▶ **Aim of the exercise**
Repeat only what runs from the line with "孤竜丸　コピアポア　コルムナアルバ　自根　鉢付き" through the last line of the data below, both included, keeping every word as it is and leaving out the pictures.

▶ **Supplied material**
= Beginning of Section =

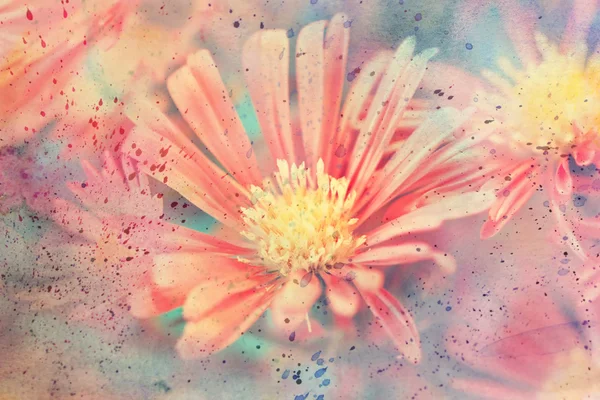 Artwork with cute red aster flower and watercolor splatter — Stock Photo, Image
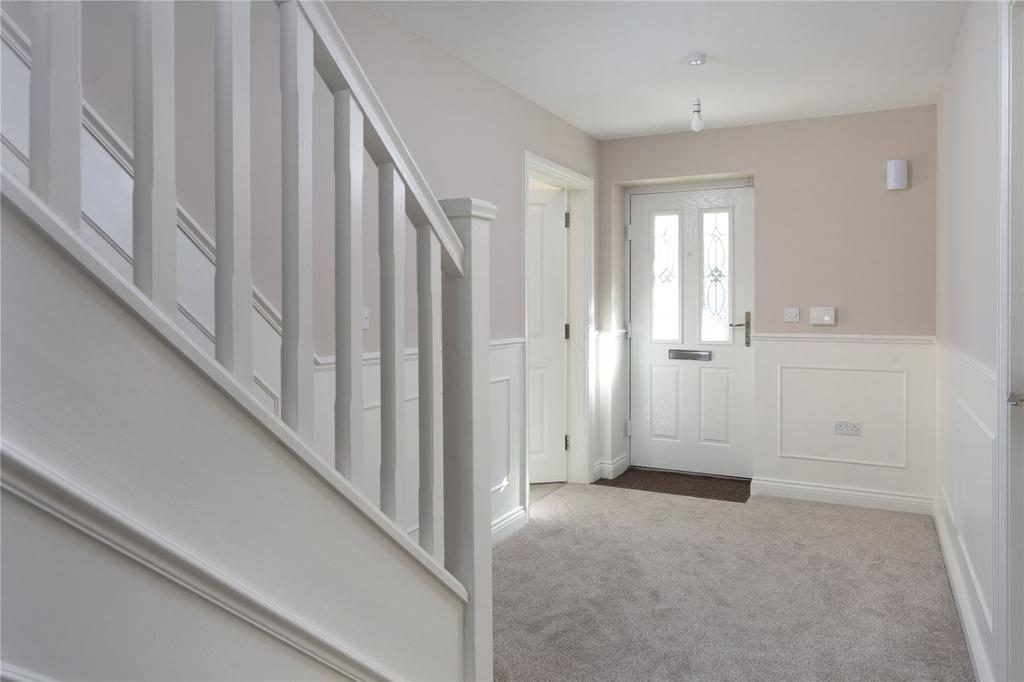 Photos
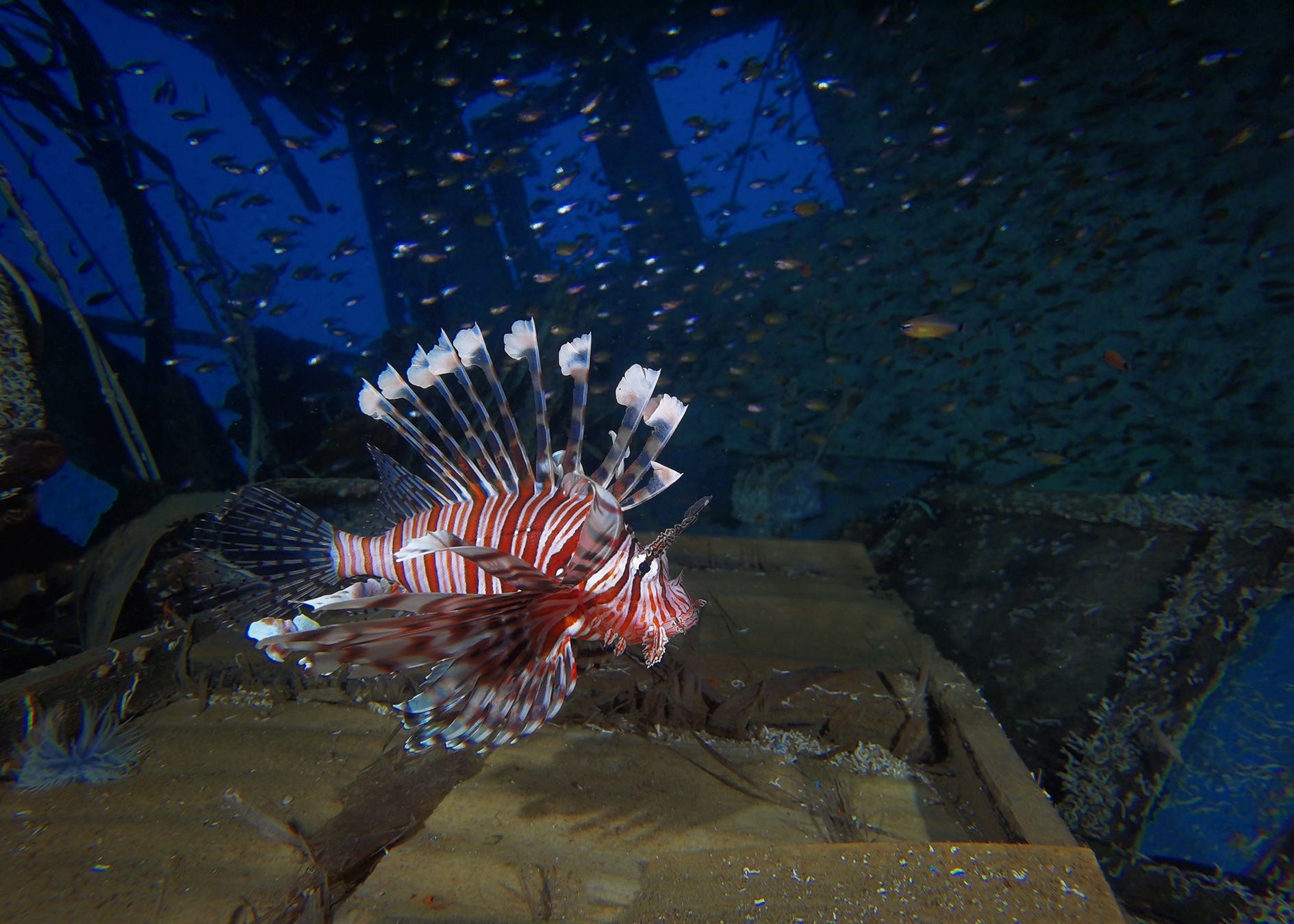 A lionfish swimming near an underwater wreck, captured with the SeaTouch 4 Max Housing, showcasing the vibrant details of the fish against the historical backdrop of the submerged ruin.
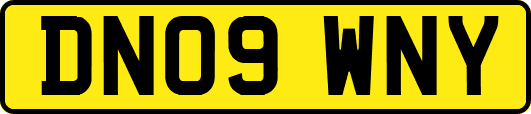 DN09WNY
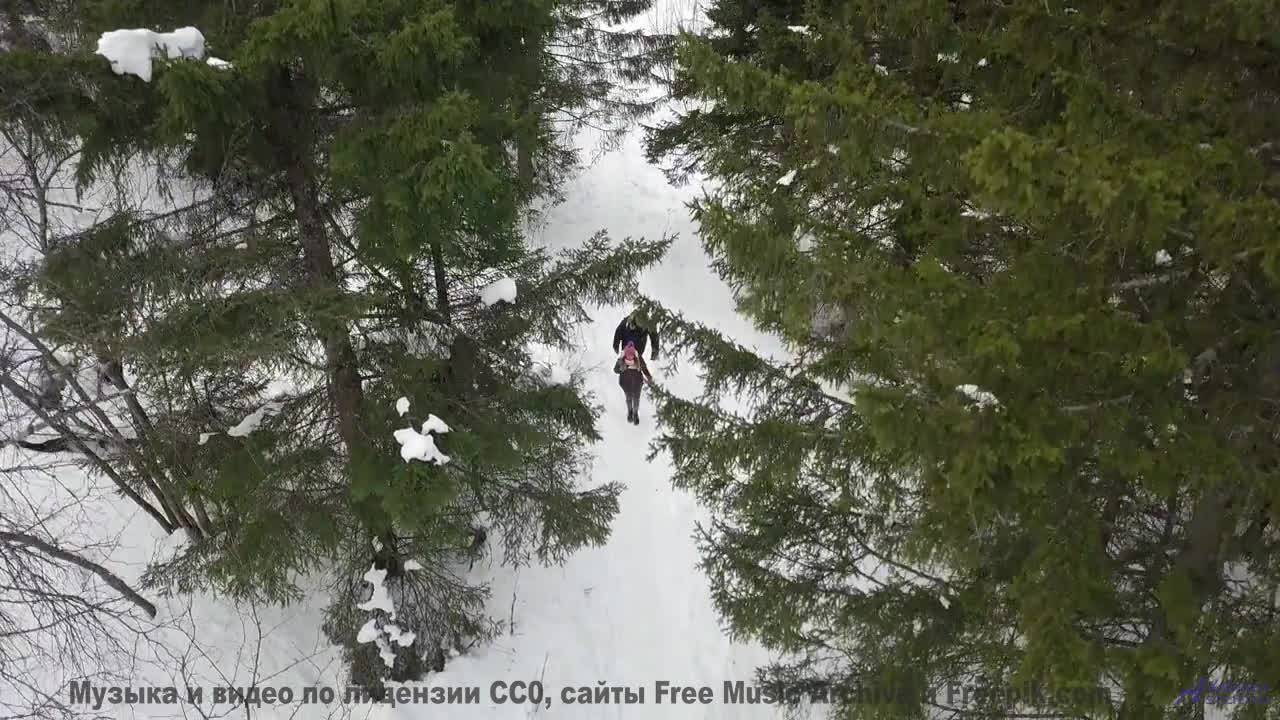 Леса становятся частью души вместе с этим треком - Crashing Mopeds -- Ryan Andersen -- MORE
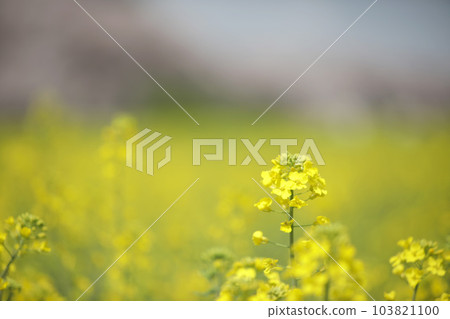 Portrait of Canola Flowers 103821100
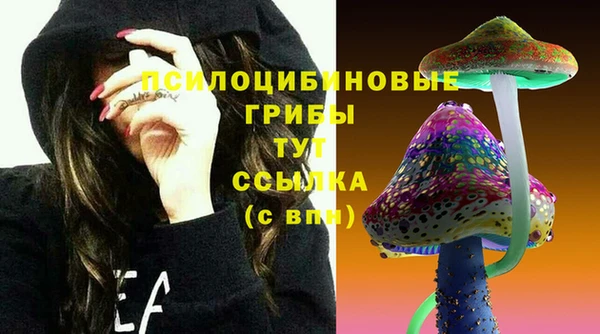 ГАЛЛЮЦИНОГЕННЫЕ ГРИБЫ Дмитриев
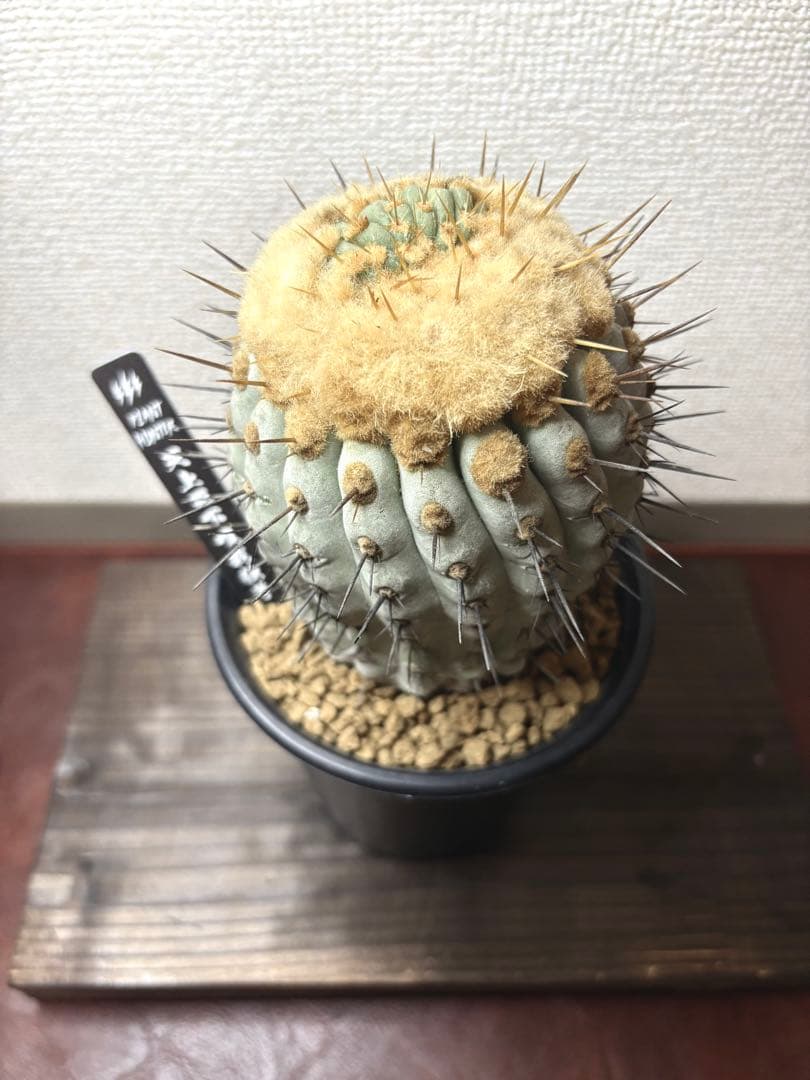 孤竜丸　コピアポア　コルムナアルバ　自根　鉢付き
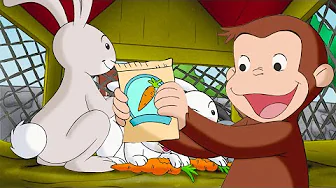 ¿Cómo cultivas zanahorias? | Jorge El Curioso En Español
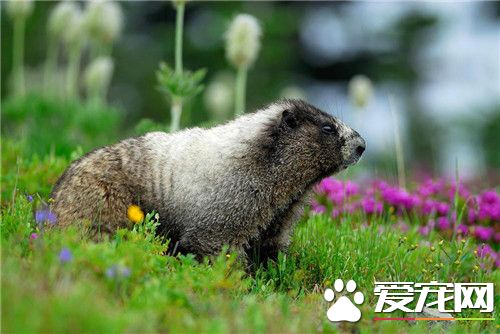 土拨鼠哪里有卖 宠物专卖店均可以买到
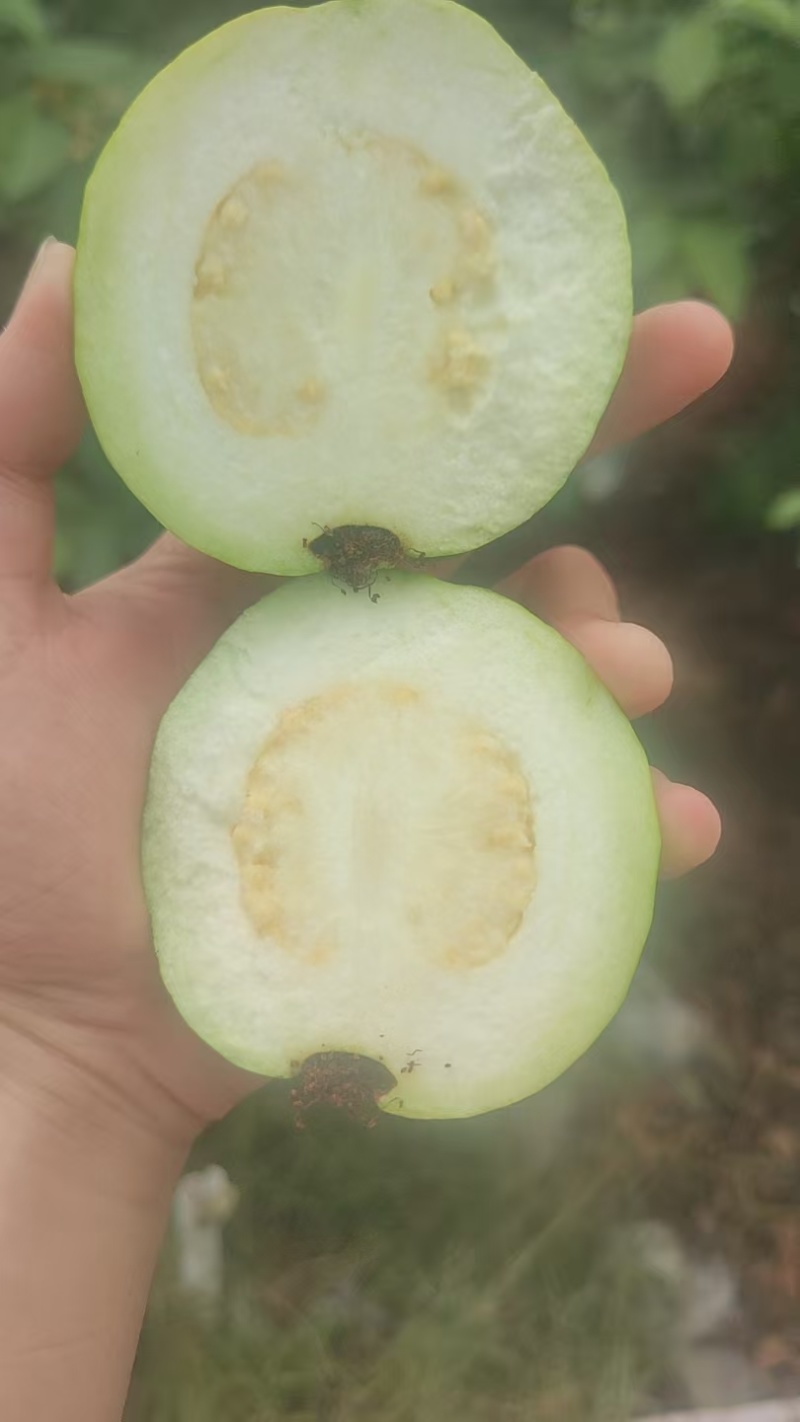 广西玉林芭乐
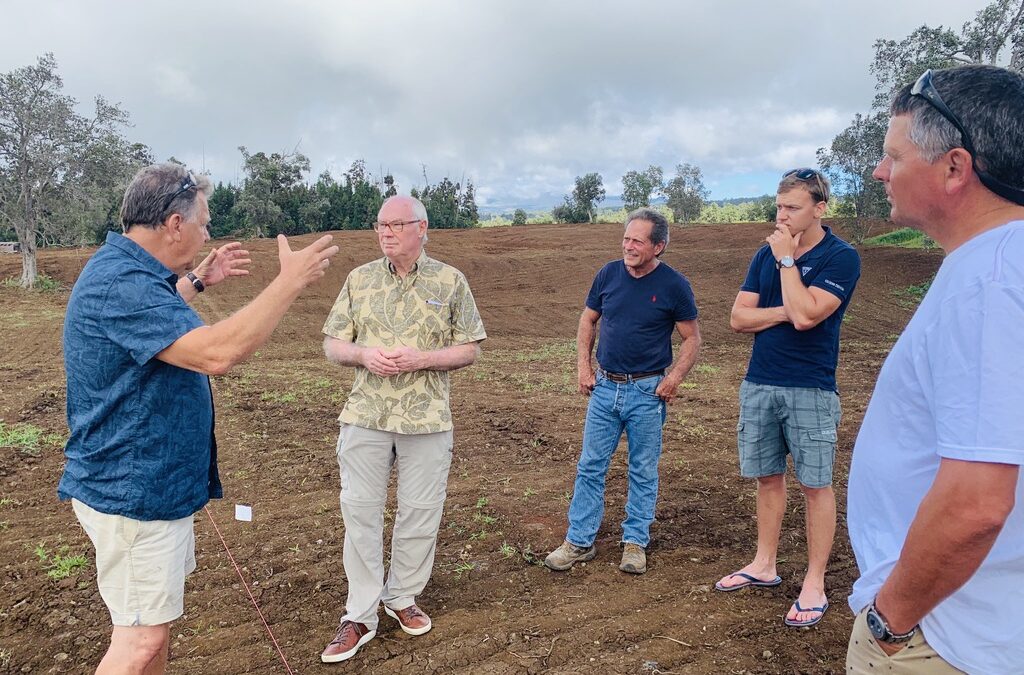 How to Grow Organic Lemon Orchards in Hawai’i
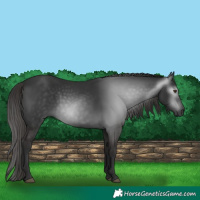 Horse Color:Gray White Spotted Liver Chestnut 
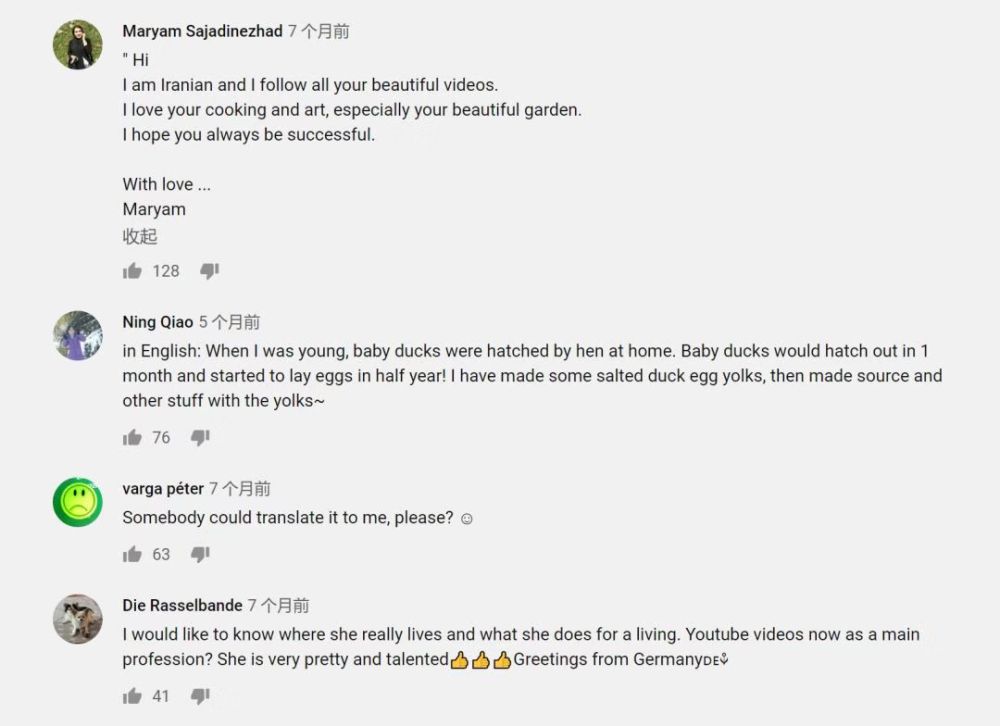 央视评李子柒走红的原因,李子柒被赞视频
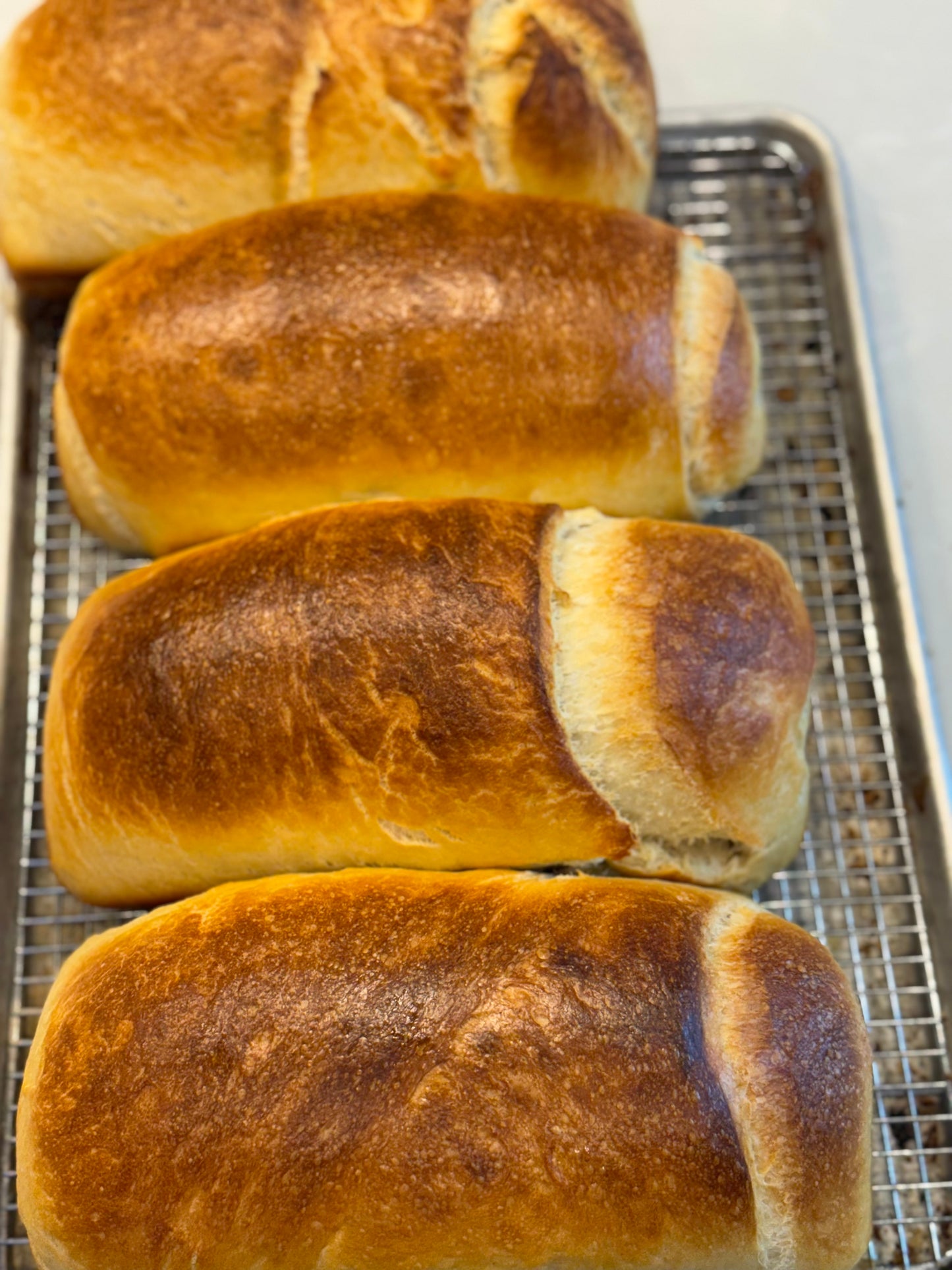 Sandwich Sourdough Loaf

= End of Section =

▶ **Your response**
 孤竜丸　コピアポア　コルムナアルバ　自根　鉢付き
 ¿Cómo cultivas zanahorias? | Jorge El Curioso En Español
 土拨鼠哪里有卖 宠物专卖店均可以买到
 广西玉林芭乐
 How to Grow Organic Lemon Orchards in Hawai’i
 Horse Color:Gray White Spotted Liver Chestnut 
 央视评李子柒走红的原因,李子柒被赞视频
 Sandwich Sourdough Loaf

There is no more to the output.